Epousant les courants culturels modernes, l’Ao dai suit les changements, les évolutions de la femme, décline à l’infini l’éternel féminin tout en s’inscrivant dans l’âme de la Nation. Perpétuelle source d’inspiration, son histoire est loin d’être terminée. Et l’Ao dai masculin ? demanderez-vous. Sans avoir la célébrité et la popularité de son alter ego féminin, il n’a pas dit son dernier mot lui non plus et refait régulièrement une apparition certes discrète mais toujours élégante et remarquée lors des grandes occasions familiales ou festivités publiques.  

Quelle surprenante et belle destinée pour un vêtement créé en 1774 pour des raisons politiques ! Au fait, savez-vous à qui l’on doit le terme « Ao dai » ? Au célèbre lettré Lê Quy Don, qui le mentionne dans son ouvrage « Phủ Biên Tập Lục », en 1775.

 


Pour aller plus loin, lors de votre prochain séjour au Vietnam, nous vous conseillons deux visites :
A HCM-ville : Musée de Ao dai (jardin Long Thuân, 9e arrondissement, Ho Chi Minh-ville). Dans un décor bucolique, 20 000 m2 dédiés à la fascinante histoire de l’Ao dai au cours des siècles. Plus de 60 différents modèles d’ Ao dai y sont exposés, dont des Ao dai de la famille royale, de femmes politiques ou encore d’artistes.
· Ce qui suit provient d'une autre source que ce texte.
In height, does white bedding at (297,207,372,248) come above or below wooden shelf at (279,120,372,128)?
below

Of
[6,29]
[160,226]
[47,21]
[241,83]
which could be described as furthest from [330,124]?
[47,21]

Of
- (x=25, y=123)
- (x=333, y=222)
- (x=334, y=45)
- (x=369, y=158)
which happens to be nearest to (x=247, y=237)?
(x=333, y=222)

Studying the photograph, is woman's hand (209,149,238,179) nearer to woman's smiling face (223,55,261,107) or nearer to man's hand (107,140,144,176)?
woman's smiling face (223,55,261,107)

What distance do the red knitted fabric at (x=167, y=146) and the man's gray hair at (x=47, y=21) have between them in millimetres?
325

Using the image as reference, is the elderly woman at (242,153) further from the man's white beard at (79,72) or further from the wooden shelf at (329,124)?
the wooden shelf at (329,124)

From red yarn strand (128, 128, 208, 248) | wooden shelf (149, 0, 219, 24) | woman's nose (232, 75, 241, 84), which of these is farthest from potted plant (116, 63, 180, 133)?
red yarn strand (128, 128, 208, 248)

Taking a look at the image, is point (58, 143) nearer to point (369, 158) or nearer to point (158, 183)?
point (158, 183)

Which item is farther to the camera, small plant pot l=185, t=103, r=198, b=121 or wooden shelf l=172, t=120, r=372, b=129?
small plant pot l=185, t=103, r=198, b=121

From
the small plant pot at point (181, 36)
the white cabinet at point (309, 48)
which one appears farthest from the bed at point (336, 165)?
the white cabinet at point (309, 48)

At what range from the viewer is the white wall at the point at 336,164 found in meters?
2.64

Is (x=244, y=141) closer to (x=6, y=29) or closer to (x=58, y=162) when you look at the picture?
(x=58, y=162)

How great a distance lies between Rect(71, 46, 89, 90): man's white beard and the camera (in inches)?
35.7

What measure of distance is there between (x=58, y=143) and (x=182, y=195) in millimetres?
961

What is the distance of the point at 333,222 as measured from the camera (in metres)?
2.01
Hanoi : Musée de la Femme Vietnamienne (36 Lý Thường Kiệt, Hàng Bài, Hoàn Kiếm, Hà Nội). Cet elegant batiment situe non loin du lac de l’epee restituee, en cœur de ville, propose à la visite un ensemble remarquable de patrimoine matériel et immatériel mettant à l’honneur les femmes vietnamiennes à travers les époques. Son dernier étage est dédié aux costumes des 54 ethnies du Vietnam, dont certains très beaux Ao dai.